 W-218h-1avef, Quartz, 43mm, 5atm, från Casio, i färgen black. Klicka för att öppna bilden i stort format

--

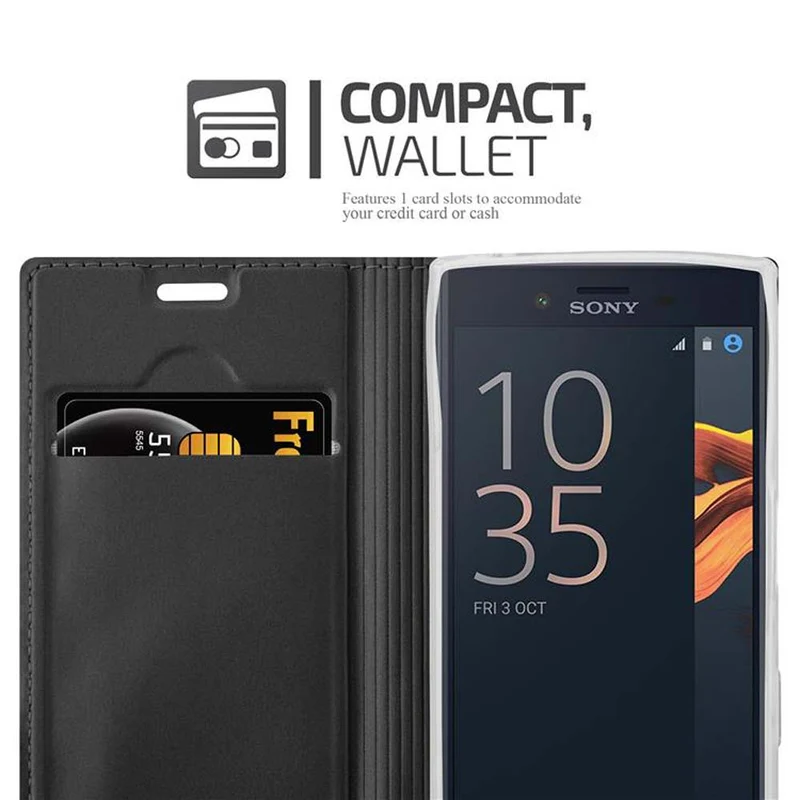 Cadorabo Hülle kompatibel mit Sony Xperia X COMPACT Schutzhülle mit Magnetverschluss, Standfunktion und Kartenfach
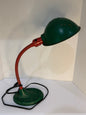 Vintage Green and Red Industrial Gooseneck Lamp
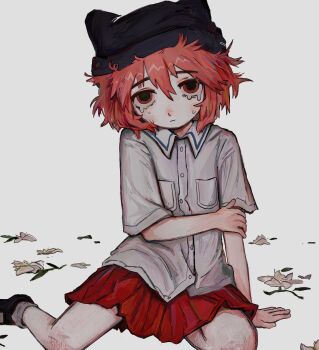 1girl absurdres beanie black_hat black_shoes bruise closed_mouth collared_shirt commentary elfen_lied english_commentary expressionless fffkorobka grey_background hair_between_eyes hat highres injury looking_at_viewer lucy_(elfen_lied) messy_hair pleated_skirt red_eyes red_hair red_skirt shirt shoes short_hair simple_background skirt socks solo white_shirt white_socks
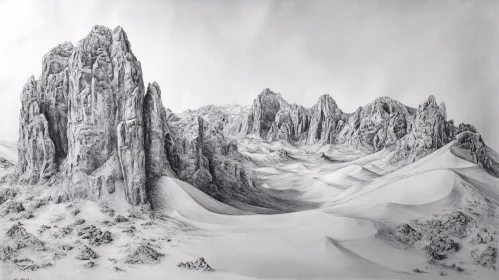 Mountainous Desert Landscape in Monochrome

--

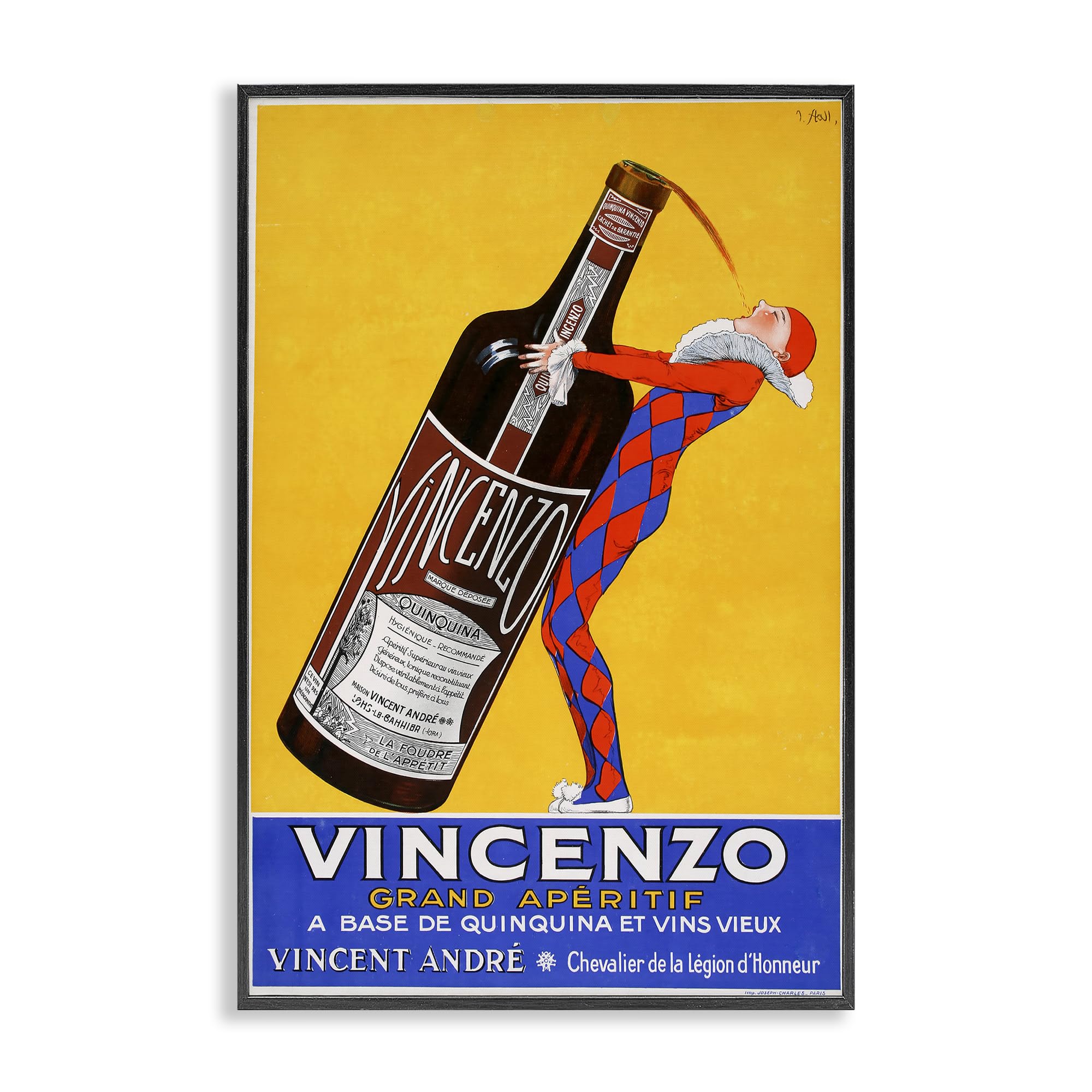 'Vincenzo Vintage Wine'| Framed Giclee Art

#### TASK REQUIREMENTS:
What's needed is an exact copy of the lines above from the one with "Cadorabo Hülle kompatibel" through the one with "Mountainous Desert Landscape in Monochrome", both included; the pictures stay out.

#### EXPECTED ANSWER:
 Cadorabo Hülle kompatibel mit Sony Xperia X COMPACT Schutzhülle mit Magnetverschluss, Standfunktion und Kartenfach
 Vintage Green and Red Industrial Gooseneck Lamp
 1girl absurdres beanie black_hat black_shoes bruise closed_mouth collared_shirt commentary elfen_lied english_commentary expressionless fffkorobka grey_background hair_between_eyes hat highres injury looking_at_viewer lucy_(elfen_lied) messy_hair pleated_skirt red_eyes red_hair red_skirt shirt shoes short_hair simple_background skirt socks solo white_shirt white_socks
 Mountainous Desert Landscape in Monochrome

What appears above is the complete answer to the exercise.